Pervasive Games Are Not A Genre! (They are a sub-genre.)
My Masters project “Pervasive Games Are Not A Genre! (They are a sub-genre.)” is now online. Falling somewhere in-between a thesis and design document, the project addresses the recent emergence of what has been called (among other things): Pervasive games, ubiquitous games, street games, big games, alternate reality games, mobile games, location-based games, total games, cross media games, augmented reality games, ambient games, location-aware games, mixed-reality games, etc. The primary failing of existing work done in this area is that it fails to identify and address the primary characteristic of this gaming genre: the appropriation of space for play.
As such, “Pervasive Games Are Not A Genre! (They are a sub-genre.)” is an examination of the genre of appropriative games and its three sub-genres ubiquitous games, pervasive games, and non-computational big games.
Excerpt:
Appropriative gaming is a genre of games that are designed for environments not originally intended to accommodate them. Appropriative game designers study an environment (city streets, rural fields, virtual worlds, etc.) and create innovative methods by which to temporarily reallocate the environment’s natural affordances in the service of focused gameplay. The genre of appropriative gaming encompasses such works as Assassins, Pac-Manhattan, and ARQuake.

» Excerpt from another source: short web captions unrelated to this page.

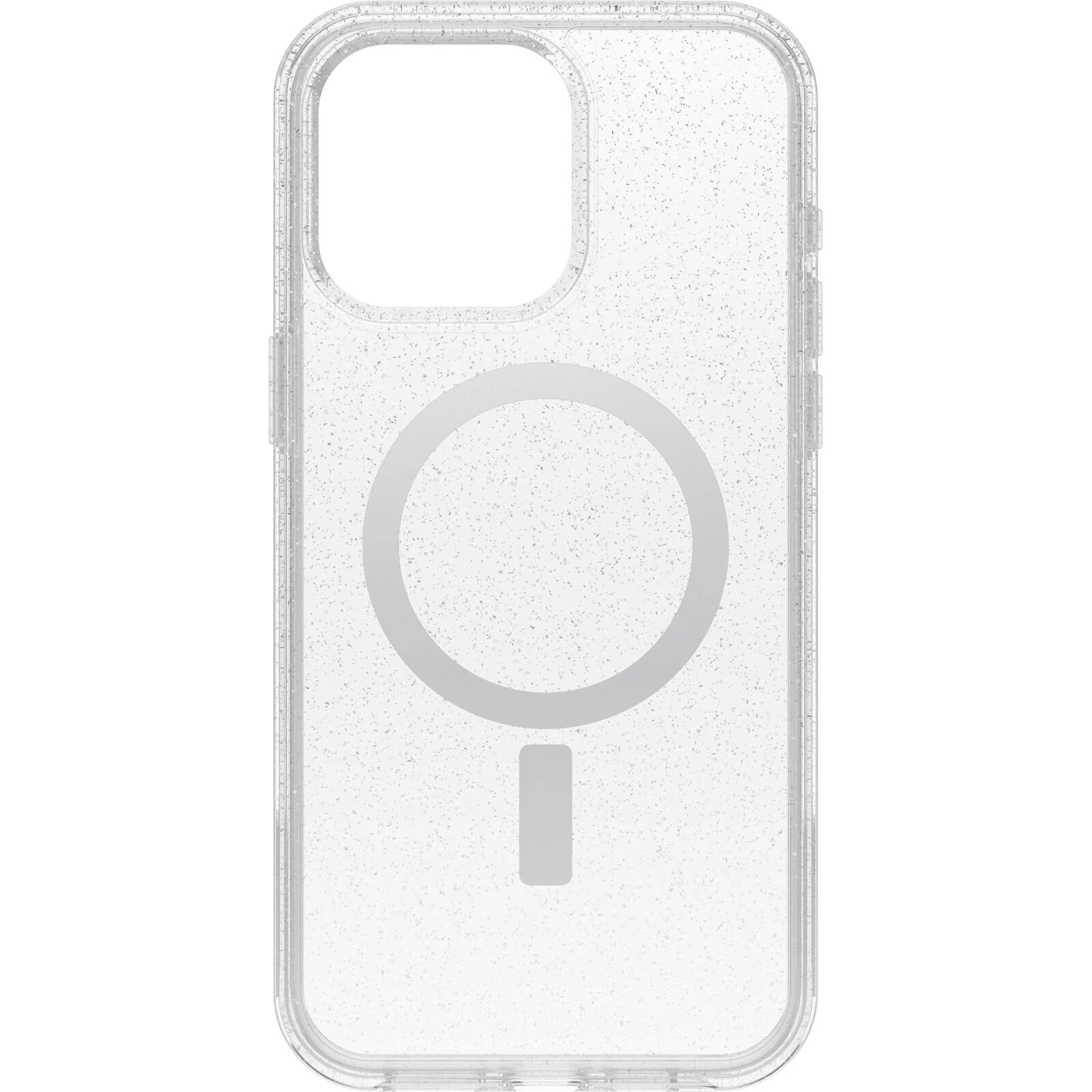 OtterBox Symmetry Clear Series for MagSafe for iPhone 15 Pro Max in Stardust (Clear Glitter)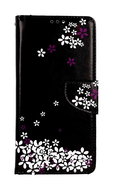 TopQ Pouzdro Xiaomi Redmi Note 12 Pro 5G knížkové Květy sakury 95691 - Phone Case
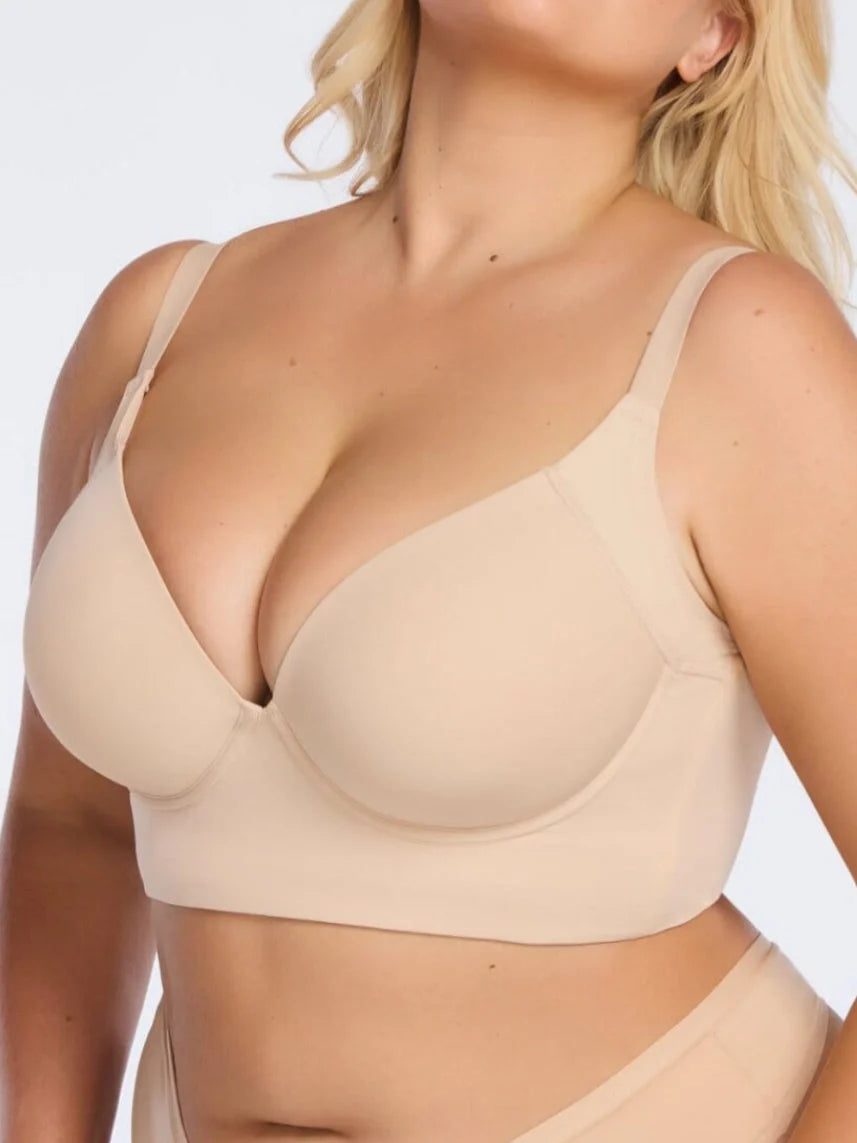 Back Smoothing Push-Up Bra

The frameworks that are developed to facilitate these gaming experiences are typically not permanent. An infrastructure for an appropriative game is often erected for a single game session and torn down as soon as play has concluded. It would be inappropriate to attempt to characterize this guerilla tendency as being either positive or negative for the genre. These flashpoints of activity may appear to inhibit the genre’s proliferation while posing a significant design challenge, but they remain principal to the genre’s aesthetic. Additionally, this pro tem inclination does not prevent the design of persistent appropriative games. However if the presence of an appropriative game significantly alters the permanent physicality of an environment, it ceases to be an appropriative game.